That is a fair point… I guess I maybe take exception to city-defining architecture being so out-or-scale and prominent. I would say that Empire was fairly unique being the tallest in the city (and world) for decades, commanding attention and awe in the same way the Eiffel Tower does. It’s at the center of the island with a symmetrical design too which I think also makes a difference too.
Essentially, one wants the Empire to stay completely out-of-scale with everything around it
We have no idea what this tower will look like, but I think city-defining is pretty vague, arbitrary, and subject to changing tastes. When the Eiffel Tower was built, it was considered unworthy of being so prominent on the Paris skyline, an eyesore because of its height, “dominating Paris just like a gigantic black factory chimney.” It took decades for people to appreciate it.

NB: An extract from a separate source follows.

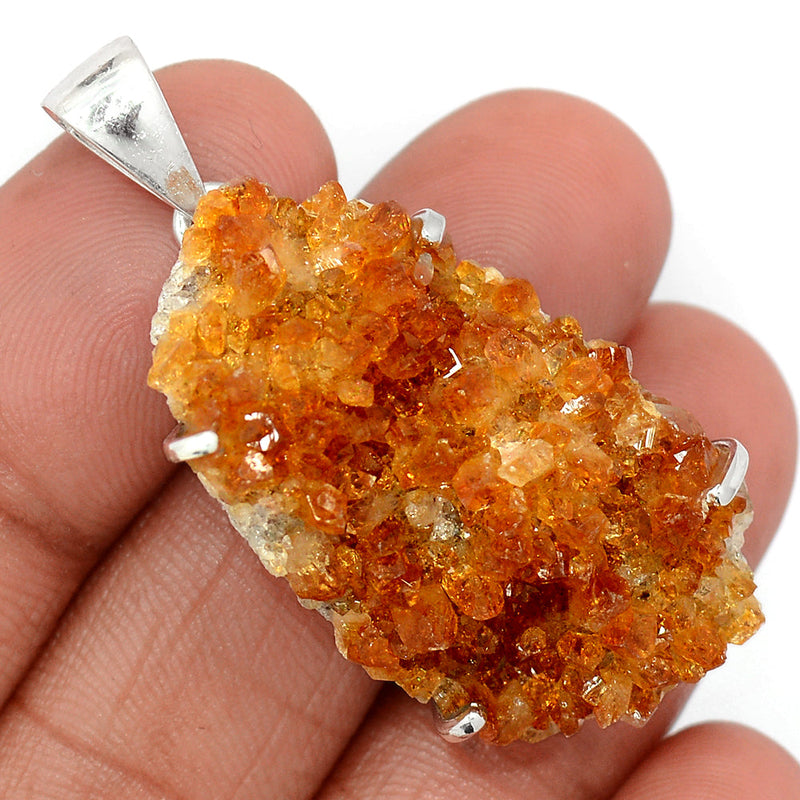 1.7" Claw - Citrine Druzy Pendants - CTDP704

40 of Paris’s most prominent intellectuals wrote in protest:
"We, defenders of the beauty of Paris that was until now intact, are protesting in the name of the underestimated taste of the French, in the name of French art and history under threat, against the erection in the very heart of our capital, of the useless and monstrous Eiffel Tower, which popular ill feeling, so often an arbiter of good sense and justice, has already christened the Tower of Babel. Will the city of Paris continue to [make] itself irreparably ugly and bringing dishonor to itself? Because the Eiffel Tower that even the commercial Americans didn’t want, will without a doubt dishonor Paris. ”
And the protesters conclude by mocking this “tower of ridiculous vertiginous height, dominating Paris just like a gigantic black factory chimney, spreading across the whole city like a dark ink stain, the odious shadow of this odious column of bolted metal. ”
It’s not really vague in my opinion. If someone wanted to put a Burj Khalifa in the meatpacking that would certainly be city-defining, no question. It would completely redefine the whole skyline And I don’t think I would oppose something like that, is all I’m saying.
Also, It’s ok to keep a few low-scaled areas in the city’s core imo. Not every neighborhood has to be quite large high-rise towers everywhere, I believe. I wouldn’t necessarily want the scale of the neighborhood to catch up to this new proposal, especially right on the water.
In NYC in recent years we’ve seen several very large developed sites demolished for even larger ones: the 22-story Hotel Pennsylvania, with 2,200 rooms, and the 52-story Union Carbide building. The taller you can build, the more likely the existing developed sites will be redeveloped. And just one or two nearby towers would take it out of ‘sore thumb’ territory.